Final Project

CPSY 1950 - Spring 2026
Deep Learning in Brains, Minds & Machines

Overview

For the final project, you will run behavioral experiments on deep learning models, treating them as cognitive subjects — the same way cognitive psychologists run experiments on human participants. The goal is to assess whether these models show human-like behavioral signatures on well-established cognitive tasks, and to use those comparisons to illuminate something about the nature of their representations.

This is a group project (pairs of 2). Group assignments are finalized — check Ed for your partner. The written poster is a shared deliverable; both partners receive the same score. The oral presentation is graded individually — both partners must be able to present the work independently.

Starting point: the Centaur / Psych-101 dataset

Your starting point is the Psych-101 dataset (Binz et al., 2025): trial-by-trial behavioral data from 160 cognitive psychology experiments across 60,000+ human participants, formatted as natural language transcripts.
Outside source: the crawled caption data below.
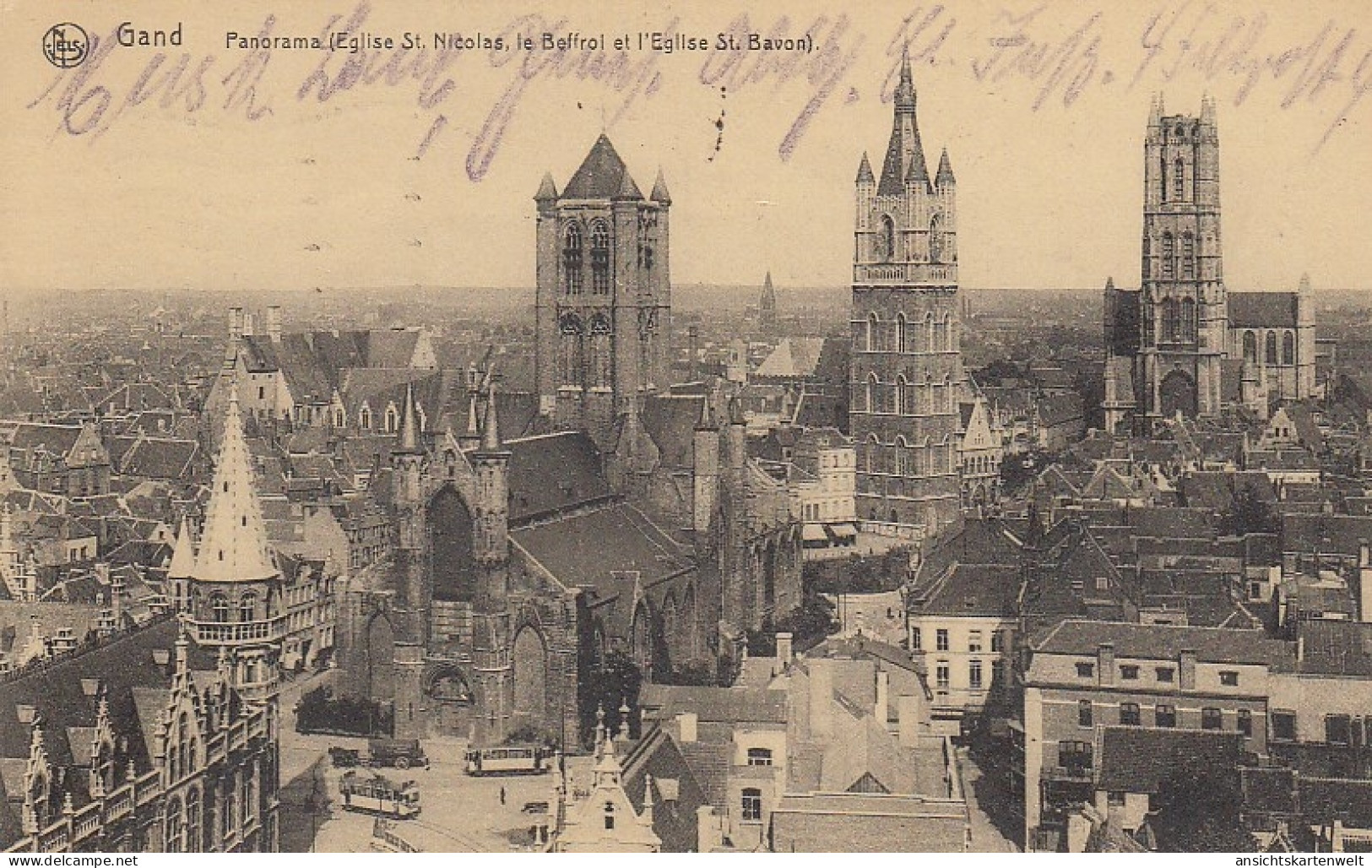 Gand Eglise St.Nicolas, Le Beffroi Et L'Eglise St.Bavon Feldpgl1914? #D0799 - Sonstige & Ohne Zuordnung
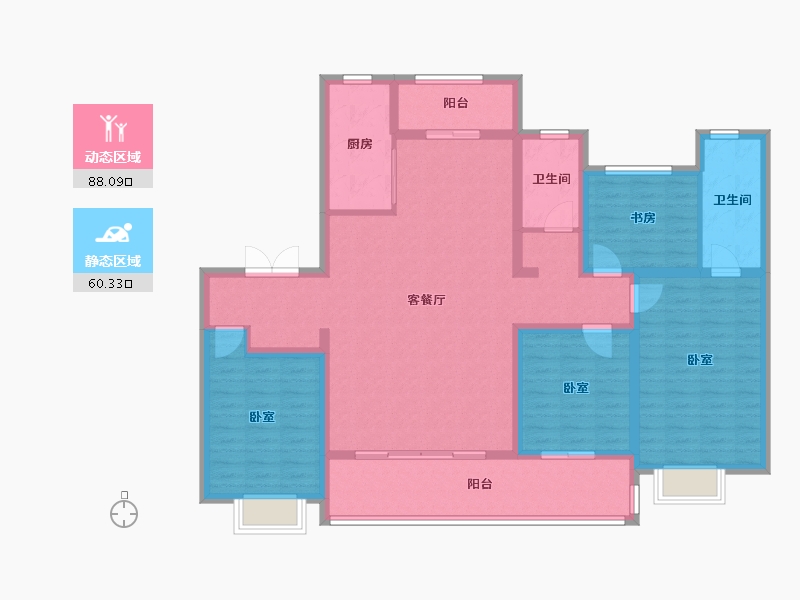 山东省-济宁市-济宁华侨城·运河1283·云水岸-133.31-户型库-动静分区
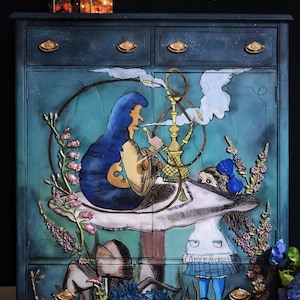 Whimsical Wonderland: Hand-Painted Alice in Wonderland Chest of Drawers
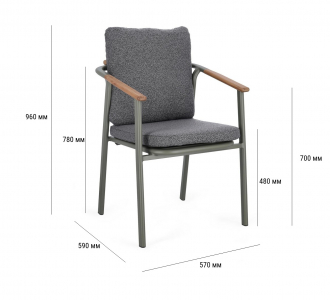 Кресло металлическое с подушками Garden Relax Leonida алюминий, тик, олефин зеленый Фото 2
It was used to train Centaur, the foundation model of human cognition we discussed in class.

Psych-101 is a natural starting point: prompts and task structures are already formatted for LLM input, human behavioral data is built in, and the dataset spans a broad range of cognitive domains (decision-making, memory, learning, reasoning, perception). Dataset: marcelbinz/Psych-101 on HuggingFace.

Even if you plan a different final experiment, start here to build and debug your pipeline. Running one task end-to-end lets you get the API calls, logprob extraction, and alignment computation right before worrying about your own experimental design.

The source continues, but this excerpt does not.